Before you start searching for an MVP development agency, make sure you know the following: product-market fit is neither about the smartest features nor about super-trendy UI/UX design. It’s when customer needs = what a product provides.
Let’s figure out all details together so you’re all set for achieving it!
Product-market fit is when users resonate with your product
As soon as you introduce your product to people, you’ll see that part of users regularly come back. You may have 6, 10, or 30 users who signed up to try your first version. They tried it once, then came back to you again, attracted referrals, and turned into revenue. It’s hardly possible to make every one resonate with your product, and that’s fine. Anyway, if you don’t have a stable base of returning users, you have zero product-market fit.
A way of how users resonate with your product depends on the stage your startup is actually at:
- if it’s an early-stage startup (less than 12 months), it might be the desire to try your pilot or beta version;
- If it’s a working beta version, it might be cohort engagement — healthy traffic, activity, and retention;
- If you created your business model, it might be users who try paid offers.
We can’t say exactly how deep the resonance should be and how much traffic is enough to ensure you’re achieving product-market fit — both are the matter of a case. We advise examining a few more examples of how it may look like:
- 10+ customers, who aren’t your friendlies — we mean, not your mom, girlfriend nor college friend — signed up for a paid version within 3–9 months;
- 5+ customers are happy with the product and ask for no changes;
- 5+ customers have been using the product for more than a month and found no bugs;
- 5+ customers went through a two-month sales cycle and got the product running in a week.

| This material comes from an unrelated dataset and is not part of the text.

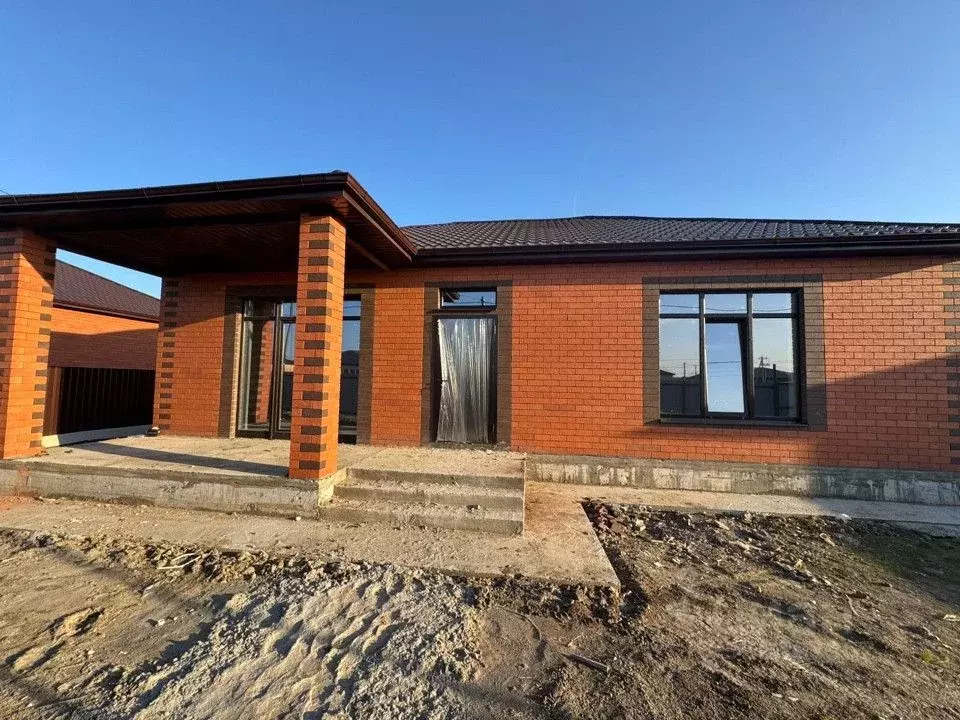 Дом в Астраханская область, Приволжский район, пос. Кирпичного Завода ... - Фото 1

Product-market fit is when you know the target segment
Not with a product that is ‘soo coool that sells itself’, but with a clear picture of the primary audience (that has high resonance with it) in mind. By saying ‘clear picture‘ we mean understanding their sex, age, income level, education, geography, family type, hobbies, and political beliefs — that’s what you need to know about your potential buyers to build convincing advertising, reach them out and sell a product that matches their needs.
Put your targets under the microscope. For instance, if you want to sell sport shoes, then ‘sportsmen’ is too broad for being your target audience. Instead, you might try targeting primary teenage male soccer players (they’ll be a market niche you may attempt to dominate), who live in one certain area.
Some target audience characteristics are easy to determine. Let’s say your offers suit companies in one definite area, so you can easily find lists of companies that operate within and find out needed details. If your product works for users in definite roles, you can promote it to people in those roles.
In fact, achieving a product-market fit isn’t a game that ends at X point. To put it simply, you can’t gain it once, stop developing and live your life.
There is an easy-to-get way to achieve a product-market fit though. Build mockups or wireframes and get user feedback. After you see you’ve proven your solution, build the first version, and then test it out. Tweak pricing plans or business models, change your messaging, or even pivot. Fine-tune your product over and over again until it will better resonate with the target market that is large enough to sustain your business. This is what ‘product-market fit journey’ exactly means.